Дежнев помолчал, потом сказал, глядя на убегающую назад дорогу:
– Мне старший лейтенант Игнатьев вашу историю рассказывал… не называя имени, понятно. И если вас интересует, что я тогда подумал, могу сказать: подумал, что жаль, нельзя за такое под трибунал.
– Несправедливо это было бы, капитан.
– Вы еще о справедливости можете говорить?
– Как раз я-то могу. За такое не под трибунал надо, трибунал самое большее может расстрелять; за такое надо оставлять жить, вот как я живу – в трезвом уме и здравой памяти. Понимаете? Да где вам понять, давайте лучше оставим эту тему.
– Не я ее затронул.
– Знаю, знаю, затронула я, со мной случается.
Некоторое время ехали молча, потом он сказал:
– Вообще-то… вы правы, наверное, понять со стороны нельзя, а поэтому нельзя и судить. Вроде бы так, но с другой стороны…
– И что же с другой?
– Нет, это я не то совсем хотел. Словом, если у меня грубо получилось насчет трибунала, то извините. Я просто сказал, что подумалось – тогда, сразу. Вам-то напрямик не следовало, наверное.
– Ну почему же, меня ваша прямота не задела. Что мне до мнения других? Видите, я откровенна не меньше вашего… Я раньше часто думала: Господи, как глупо, сколько убивают вокруг нужных кому-то людей, остаются сироты, вдовы, матери, а тут и хотела бы, а живешь как заговоренная…
– Наверное, все-таки редакция дивизионной газеты – не самое опасное место службы, – безжалостно сказал Дежнев. – Если уж так хочется, можно в снайперскую школу поступить, там шансов больше.
– Опять вы не поняли… Мне ведь не убивать хотелось, а самой умереть, убивать я не хотела и тогда, в сорок первом, может быть, это нелепо звучит, но о мести я не думала, это же бессмысленно – один случайно убивает другого, а за это третий берет и убивает четвертого, тоже случайного, возможно, вообще ни в чем не повинного.
– Выходит, разницы нет – что мы, что они? Договорились, ничего не скажешь! Они на нас напали, мы от них отбиваемся, а разницы, значит, никакой – никто не виноват, по-вашему!
– Да не солдаты же, согласитесь. Виноват Гитлер, правительство. Солдат не спрашивают – быть или не быть войне…
– Бросьте, – сказал Дежнев, – это все пустые разговоры. Если так рассуждать, тогда действительно вся вина на одного, может, человека ложится. Ну, или там на десять-двадцать человек, а остальные – вся армия – ни при чем. Это у вас все рассуждения, а в жизни по-другому. Тут счет простой: пошел ты завоевывать чужую землю – значит, ты и виноват. И нечего его оправдывать – ему, мол, приказали, он не по своей воле…
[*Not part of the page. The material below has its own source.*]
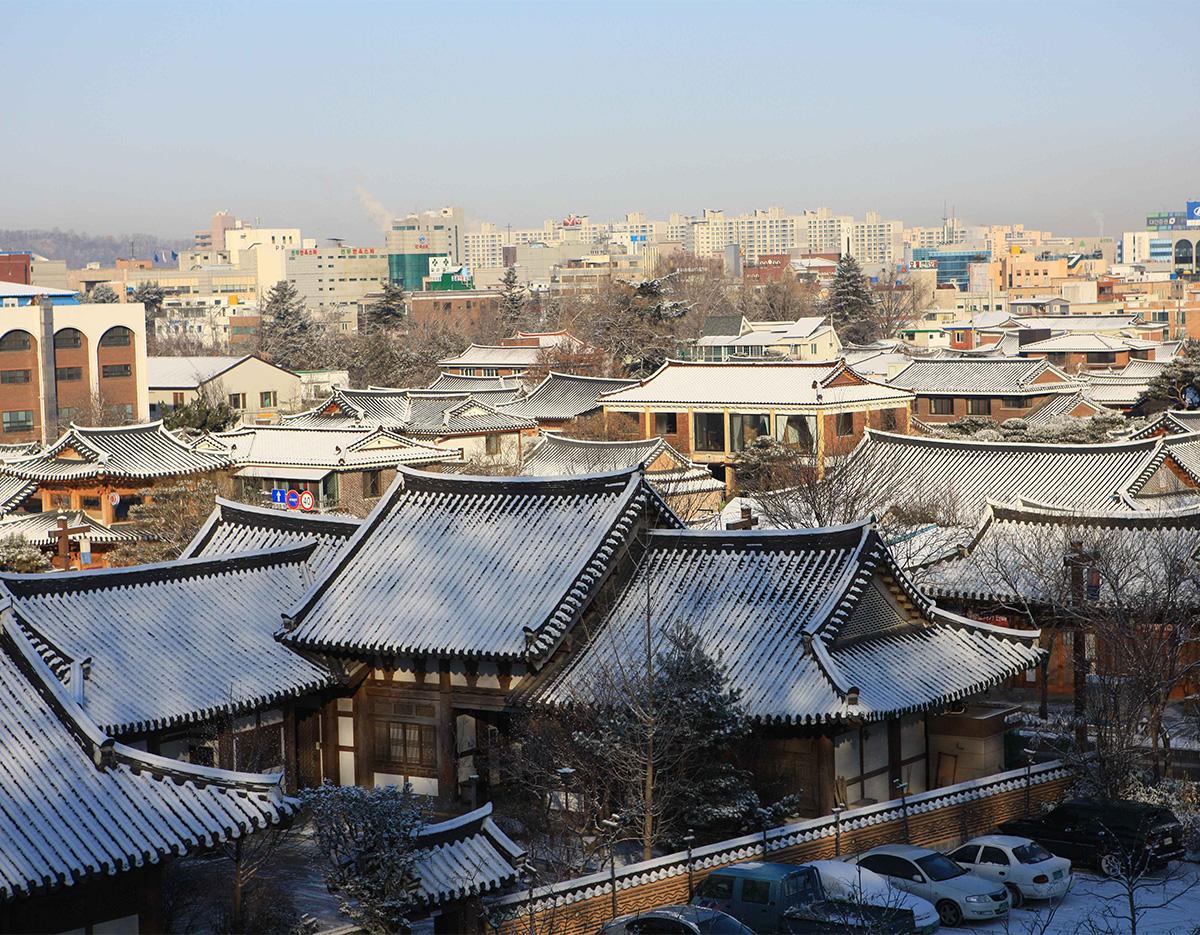 Jeonju Hanok Village & Jangtaesan & Daedunsan Serenity Nature Tour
– Послушайте, капитан, вы сказали, что ваш брат погиб в Выборге. А это ведь была территория Финляндии. Так вот, этот ваш «простой счет», он, выходит, и к вашему брату применим? В том смысле, что сам виноват, если пошел завоевывать чужую землю?
Гвардии капитан Дежнев едва сдержался, чтобы не выругаться. Помолчав, он сказал сквозь зубы:
– Я не знаю… вы или провокационные разговорчики со мной затеваете… хотя не пойму, на кой вам это надо… или у вас окончательно мозги набекрень. Мы, что ли, на Финляндию нападали?!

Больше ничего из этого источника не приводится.